## [Data provided]
=== Begin Enclosure ===

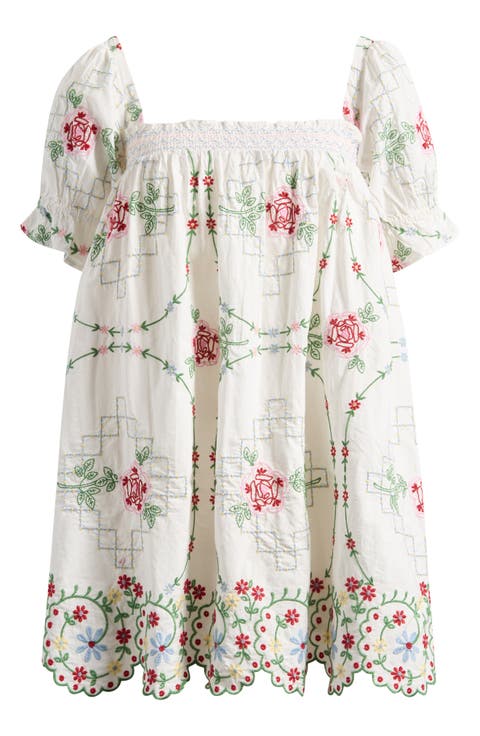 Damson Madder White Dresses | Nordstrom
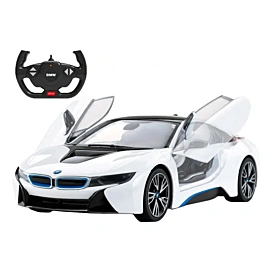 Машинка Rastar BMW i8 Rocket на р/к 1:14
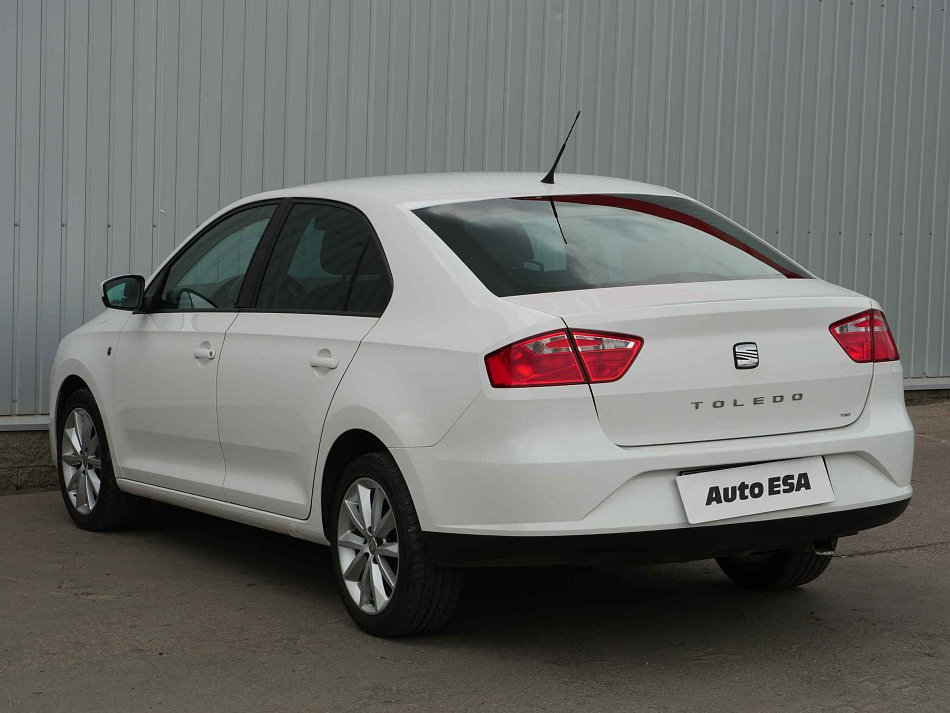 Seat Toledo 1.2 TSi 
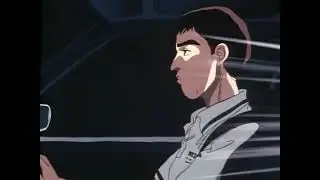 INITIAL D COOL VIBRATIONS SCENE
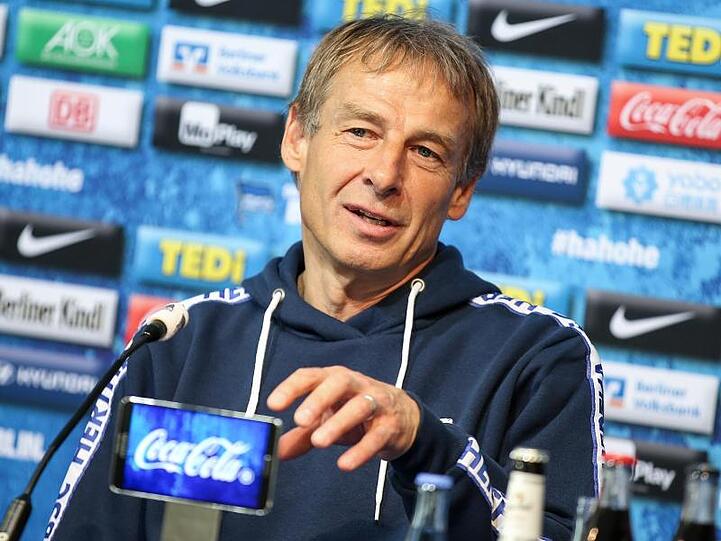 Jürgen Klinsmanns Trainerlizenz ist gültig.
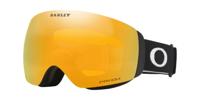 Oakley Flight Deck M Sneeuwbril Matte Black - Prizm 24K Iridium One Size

=== End Enclosure ===
=== Begin Enclosure ===

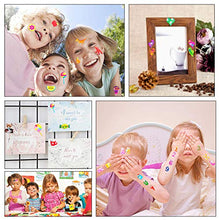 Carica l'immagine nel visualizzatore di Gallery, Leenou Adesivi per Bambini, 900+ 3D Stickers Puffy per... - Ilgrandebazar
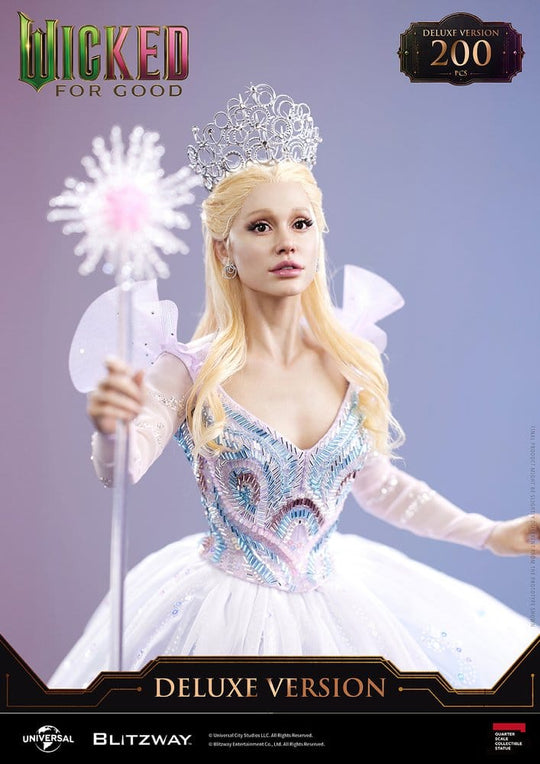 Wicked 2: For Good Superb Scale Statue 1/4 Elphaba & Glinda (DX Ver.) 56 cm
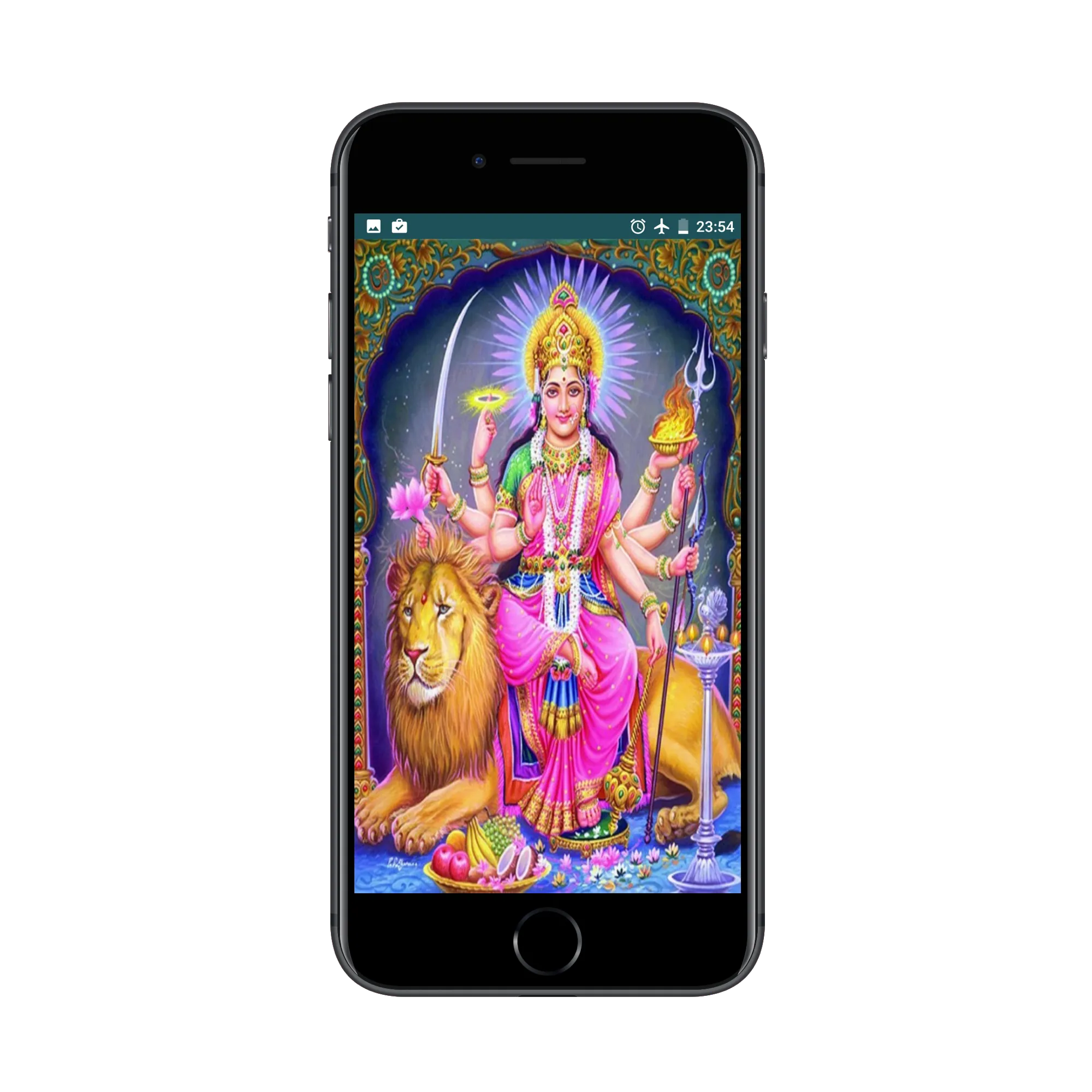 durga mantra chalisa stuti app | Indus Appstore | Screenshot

=== End Enclosure ===
=== Begin Enclosure ===

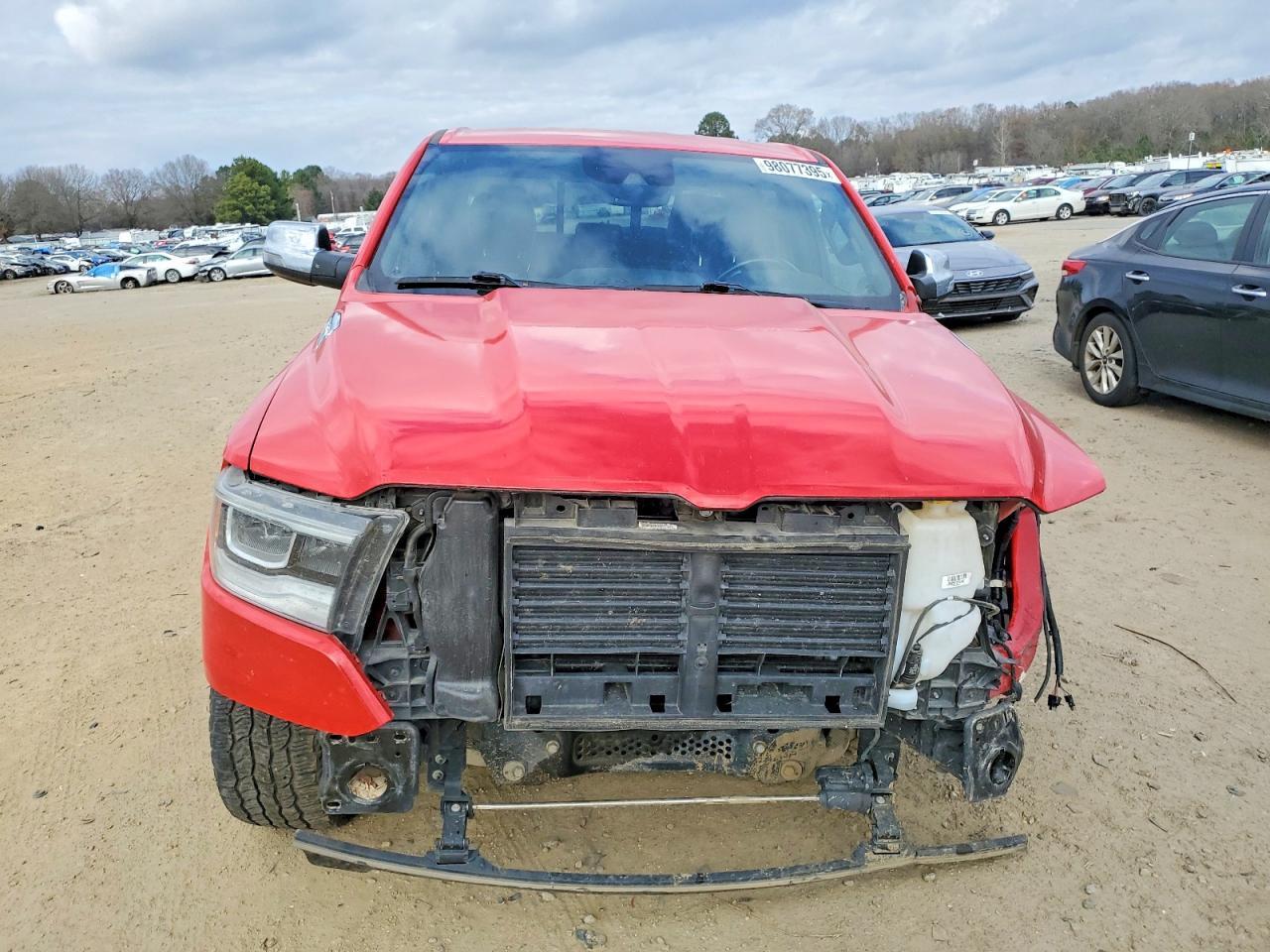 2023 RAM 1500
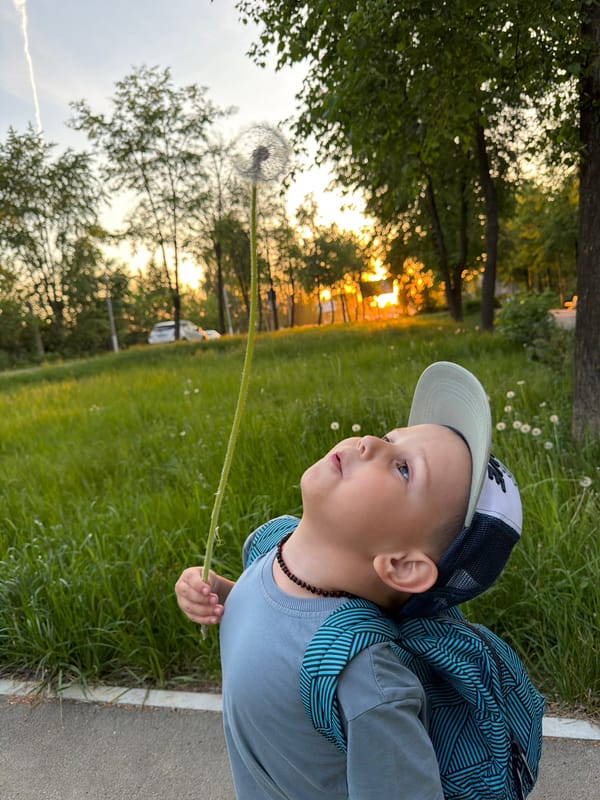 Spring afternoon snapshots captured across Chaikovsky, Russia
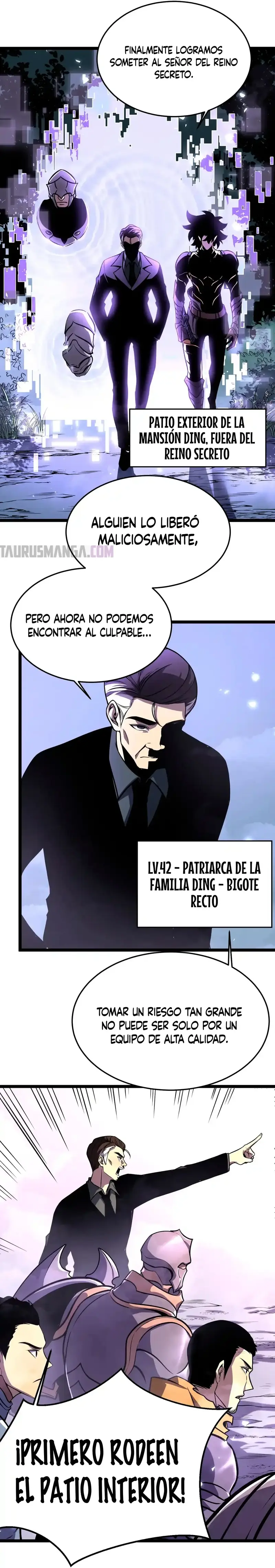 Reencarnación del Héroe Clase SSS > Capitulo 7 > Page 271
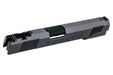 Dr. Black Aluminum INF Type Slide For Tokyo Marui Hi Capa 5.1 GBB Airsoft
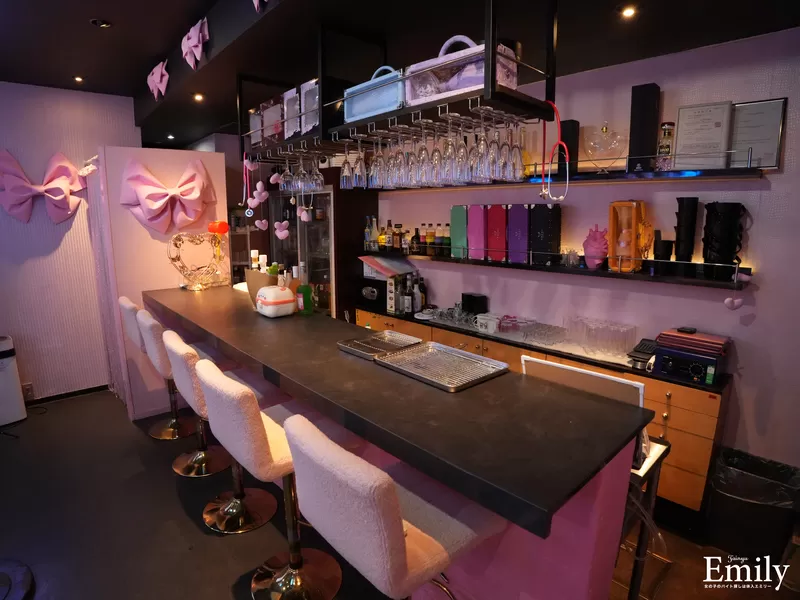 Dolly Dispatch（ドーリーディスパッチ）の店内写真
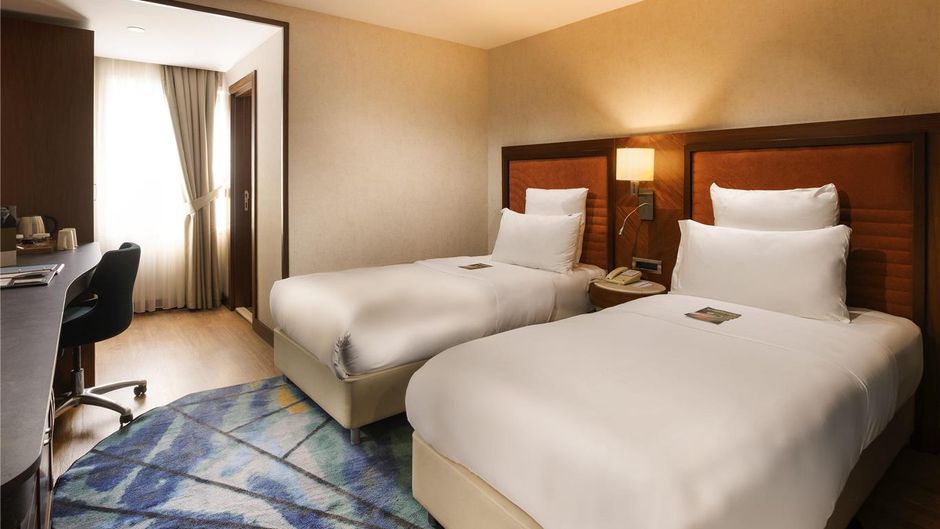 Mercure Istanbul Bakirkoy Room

=== End Enclosure ===

Your answer should be the exact lines above from the one containing "Carica l'immagine nel" through the one containing "durga mantra chalisa", with both end lines kept and the pictures removed, please.

## [Your response]
 Carica l'immagine nel visualizzatore di Gallery, Leenou Adesivi per Bambini, 900+ 3D Stickers Puffy per... - Ilgrandebazar
 Wicked 2: For Good Superb Scale Statue 1/4 Elphaba & Glinda (DX Ver.) 56 cm
 durga mantra chalisa stuti app | Indus Appstore | Screenshot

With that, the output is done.